(PROVIDED ENTRIES begins)

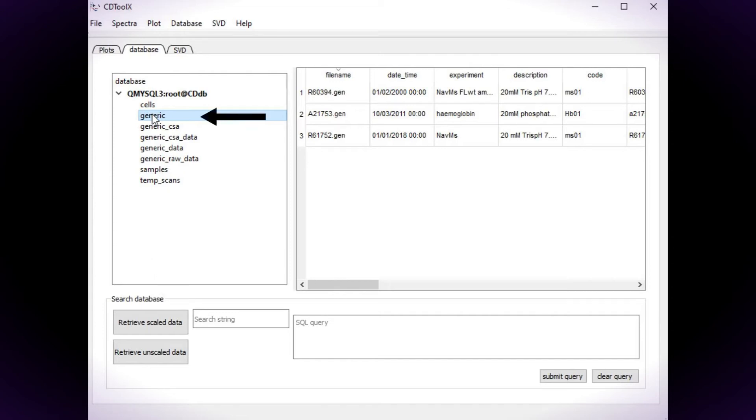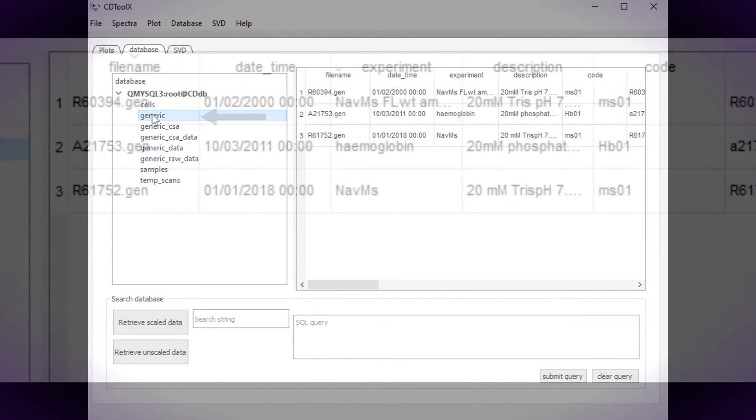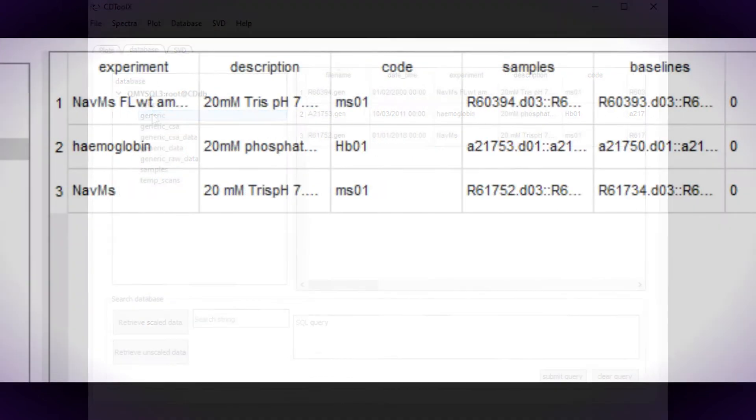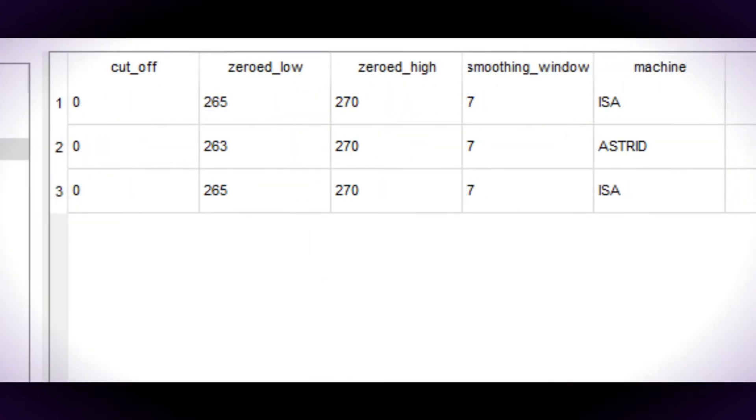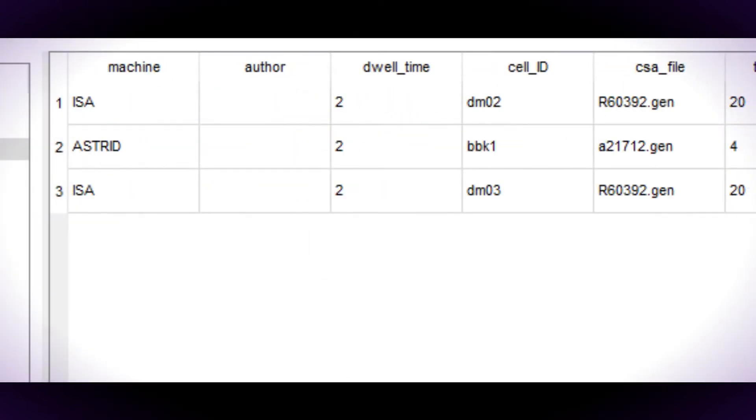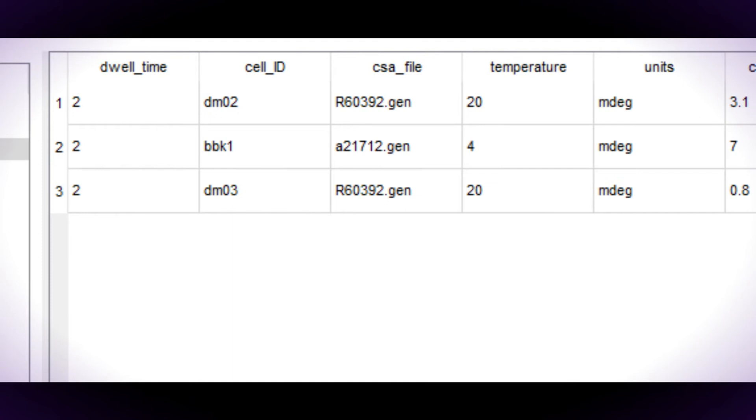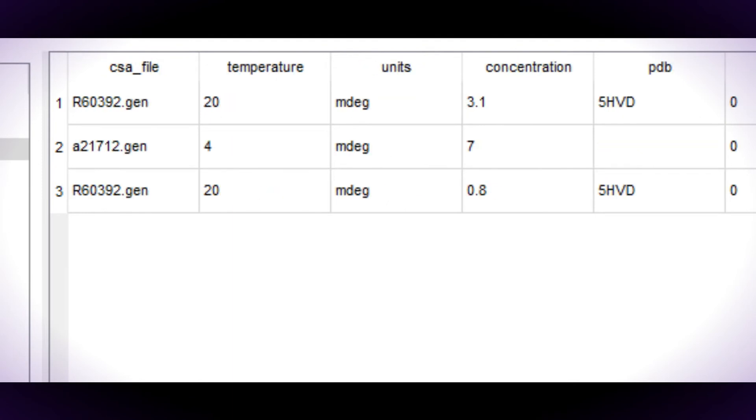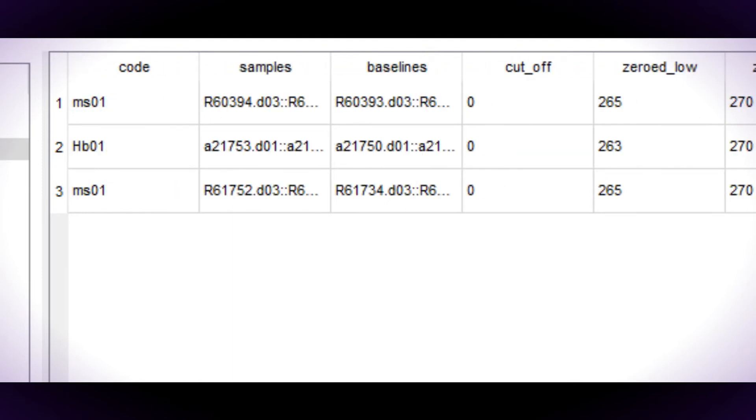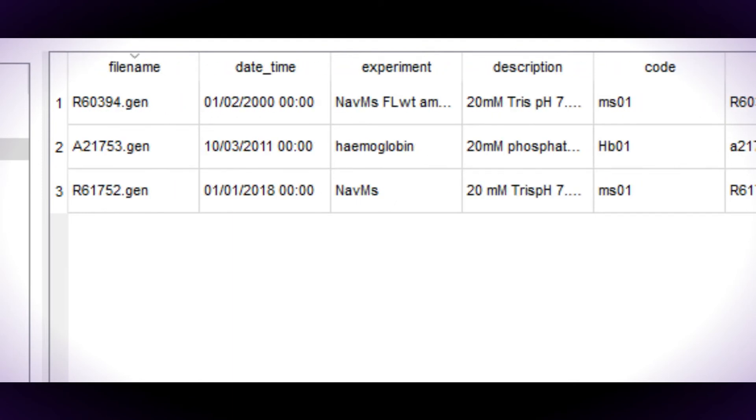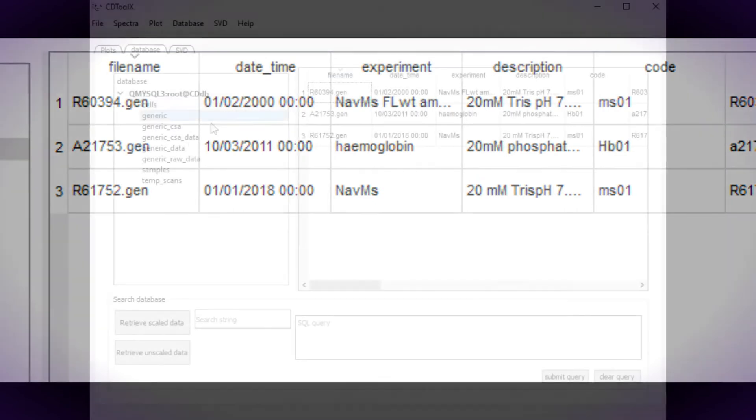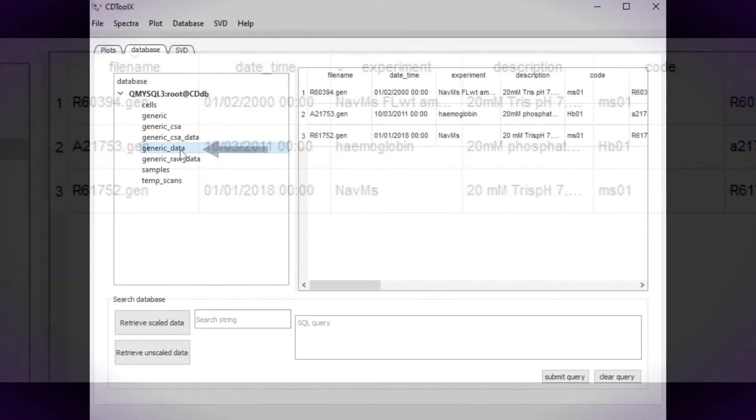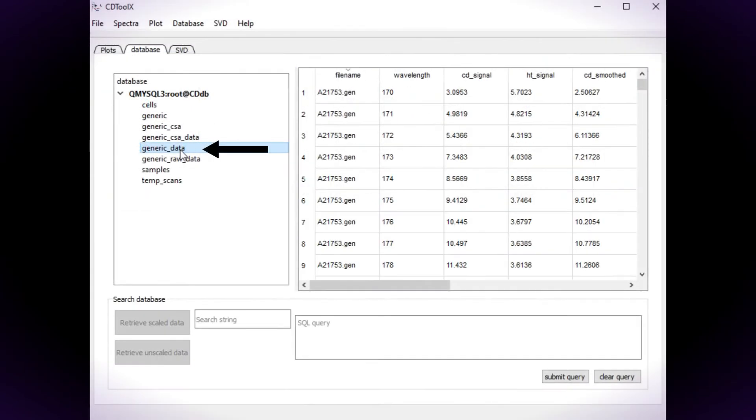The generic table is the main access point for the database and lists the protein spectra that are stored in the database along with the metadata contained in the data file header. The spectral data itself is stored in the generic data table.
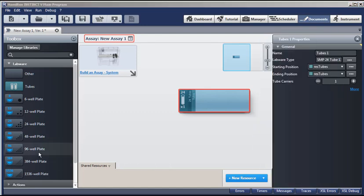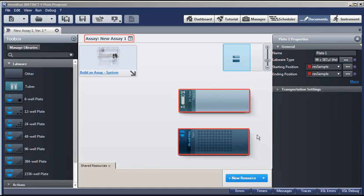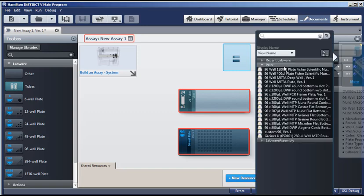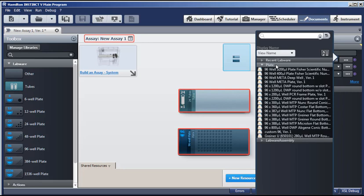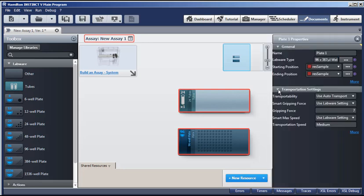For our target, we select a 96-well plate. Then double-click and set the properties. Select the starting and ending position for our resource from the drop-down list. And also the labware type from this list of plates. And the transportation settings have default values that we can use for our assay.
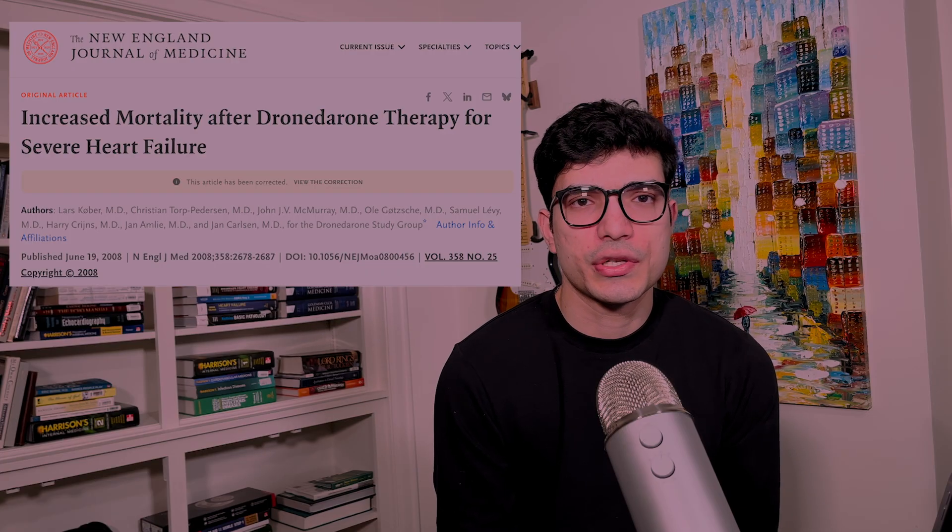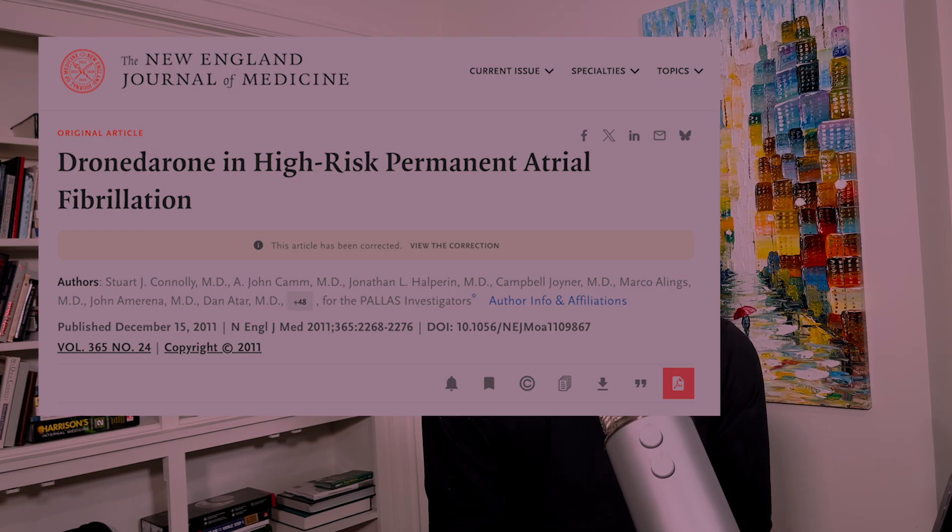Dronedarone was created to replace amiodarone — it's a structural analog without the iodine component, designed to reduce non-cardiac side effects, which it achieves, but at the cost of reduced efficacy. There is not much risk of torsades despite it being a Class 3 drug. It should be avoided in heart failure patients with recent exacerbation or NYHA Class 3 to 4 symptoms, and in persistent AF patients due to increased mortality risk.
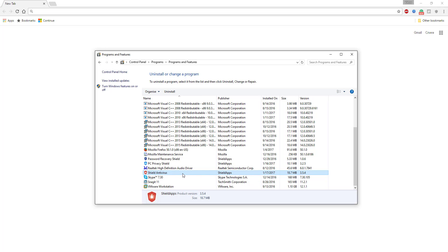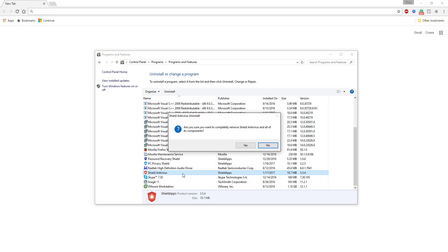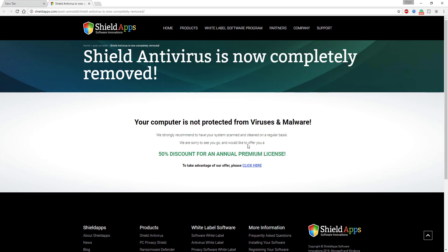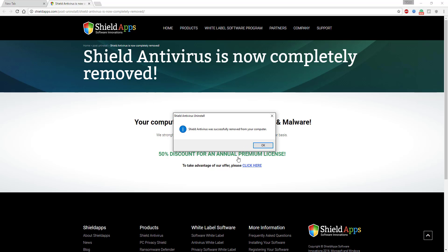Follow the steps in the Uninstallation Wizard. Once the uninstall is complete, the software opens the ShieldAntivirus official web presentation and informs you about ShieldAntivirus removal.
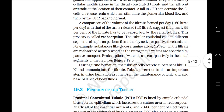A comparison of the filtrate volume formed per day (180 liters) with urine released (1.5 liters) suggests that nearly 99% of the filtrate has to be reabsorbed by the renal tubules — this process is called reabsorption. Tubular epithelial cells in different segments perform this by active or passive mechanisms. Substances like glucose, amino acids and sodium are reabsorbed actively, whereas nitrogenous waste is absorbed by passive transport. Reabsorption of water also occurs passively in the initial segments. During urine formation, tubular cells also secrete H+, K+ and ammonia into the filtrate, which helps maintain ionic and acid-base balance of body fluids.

(PROVIDED ENTRIES ends)

ABOUT THIS EXERCISE:
Output each record verbatim and leave out its pictures.

TASK ANSWER:
The generic table is the main access point for the database and lists the protein spectra that are stored in the database along with the metadata contained in the data file header. The spectral data itself is stored in the generic data table.
For our target, we select a 96-well plate. Then double-click and set the properties. Select the starting and ending position for our resource from the drop-down list. And also the labware type from this list of plates. And the transportation settings have default values that we can use for our assay.
Dronedarone was created to replace amiodarone — it's a structural analog without the iodine component, designed to reduce non-cardiac side effects, which it achieves, but at the cost of reduced efficacy. There is not much risk of torsades despite it being a Class 3 drug. It should be avoided in heart failure patients with recent exacerbation or NYHA Class 3 to 4 symptoms, and in persistent AF patients due to increased mortality risk.
Follow the steps in the Uninstallation Wizard. Once the uninstall is complete, the software opens the ShieldAntivirus official web presentation and informs you about ShieldAntivirus removal.
A comparison of the filtrate volume formed per day (180 liters) with urine released (1.5 liters) suggests that nearly 99% of the filtrate has to be reabsorbed by the renal tubules — this process is called reabsorption. Tubular epithelial cells in different segments perform this by active or passive mechanisms. Substances like glucose, amino acids and sodium are reabsorbed actively, whereas nitrogenous waste is absorbed by passive transport. Reabsorption of water also occurs passively in the initial segments. During urine formation, tubular cells also secrete H+, K+ and ammonia into the filtrate, which helps maintain ionic and acid-base balance of body fluids.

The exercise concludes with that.